One IT leader thinks the court judgment illustrates an interesting balancing act. The chief information officer at Northwest Community College in Terrace, B.C., Dave O’Leary, is tasked with ensuring operational standards are published and distributed to all employees regarding computer use.

“That’s something we take very seriously and we’re very thoughtful and considerate of,” said O’Leary of the privacy of individuals and their information.

O’Leary said there has been a significant increase of activity related to citizen privacy in British Columbia. Yet, he added, his school’s corporate IT equipment usage policies state very clearly that “anything that’s kept in any form on our equipment is available for scrutiny within the college.”

For instance, just last week, O’Leary said his IT department staff took it upon themselves to investigate a similar aberration where huge amounts of data were travelling back and forth between two corporate machines. “Our policy said we are allowed to do that,” said O’Leary.

The verbiage used in Northwest Community College’s guidelines for corporate machine use is something along the lines of it being prohibited to access anything illegal or that employees cannot contravene legislation.

“They are broad statements but designed to let people know, ‘Don’t put stuff on there that you don’t want other people to see,’” said O’Leary.

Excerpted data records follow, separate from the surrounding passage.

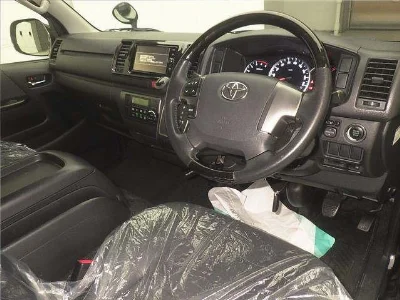 TOYOTA HIACE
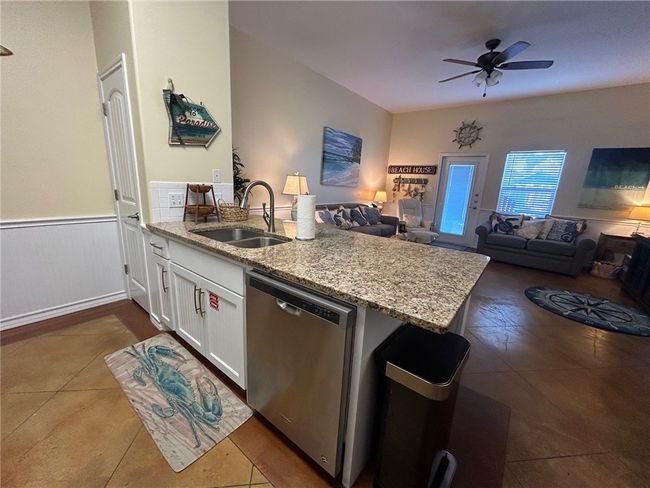 UNIT-211 - 2212 State Highway 361, Townhouse with 4 bedrooms, 4 bathrooms and null parking in Port Aransas TX | Image 9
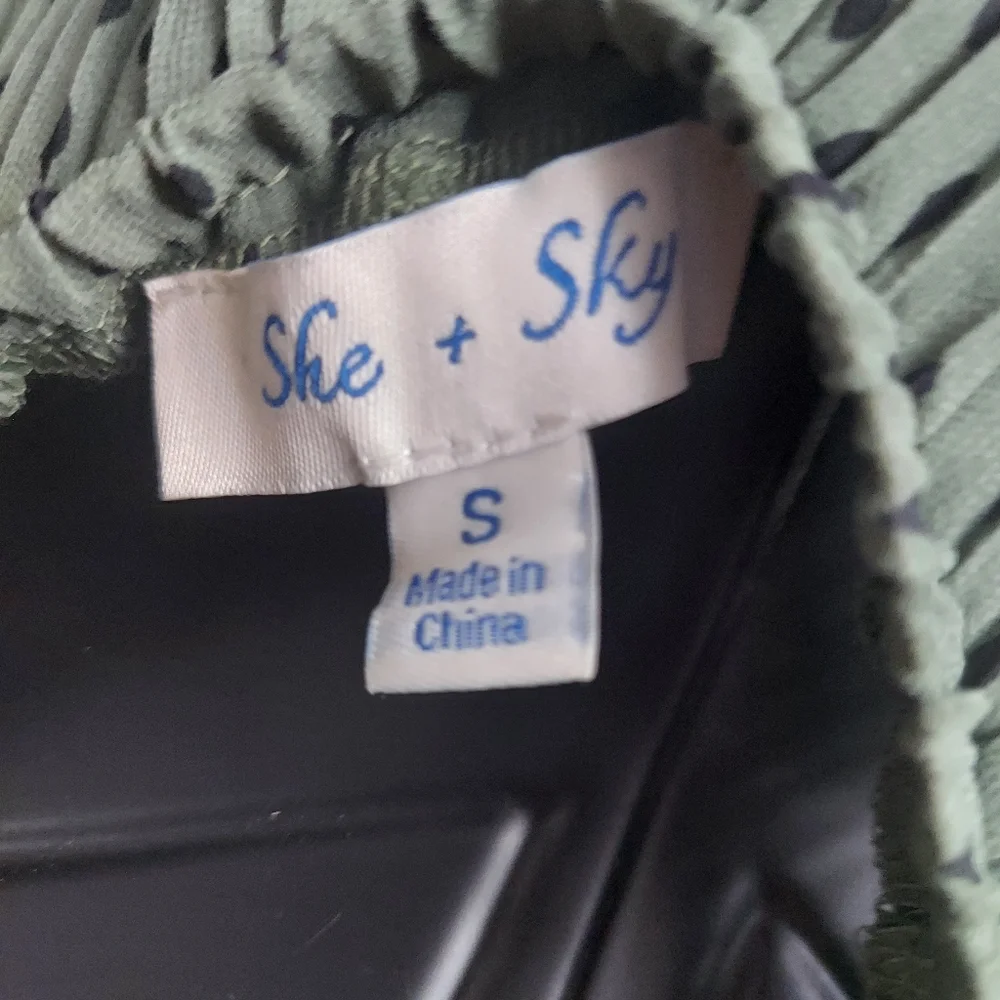 She &Sky Pleated Blouse - Picture 5 of 5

As for the lack of warrant, O’Leary said his IT department has the responsibility to alert police when illegal activity is suspected, but citizens must be seen to be free from unreasonable search and seizure. “I would expect police to operate legally as well,” he said.

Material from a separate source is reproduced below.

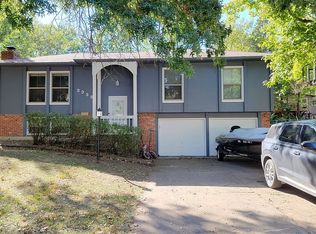 3339 SW 34th Ct, Topeka, KS 66614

“It’s a level of growing complexity for CIOs across the country I would suggest,” said O’Leary.

Michael Iseyemi, in charge of IT security at Minacs Aditya Birla, a Toronto-based global outsourcer, believes there must be equal attention paid to corporate machine ownership by an employer and proper legal steps taken by police authorities.

“It’s a combination approach,” said the chief security officer.

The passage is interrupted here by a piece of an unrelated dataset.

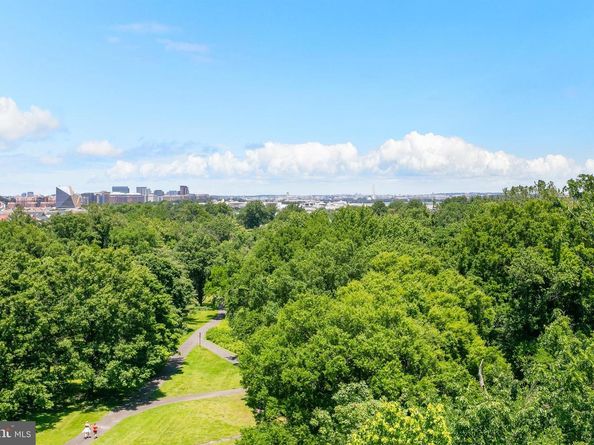 1700 W Abingdon Drive 103, Alexandria VA 22314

At Minacs Aditya Birla, the employer owns and has the right to monitor all IT systems used by staff. “Every single employee has signed off on that and there is the expectation of very little privacy on company’s network and equipment as well,” said Iseyemi.

As with O’Leary, Iseyemi, too, believes there still must be a warrant involved in any search of corporate machines. From an investigative standpoint, it’s necessary for chain of custody and preservation of evidence, said Iseyemi.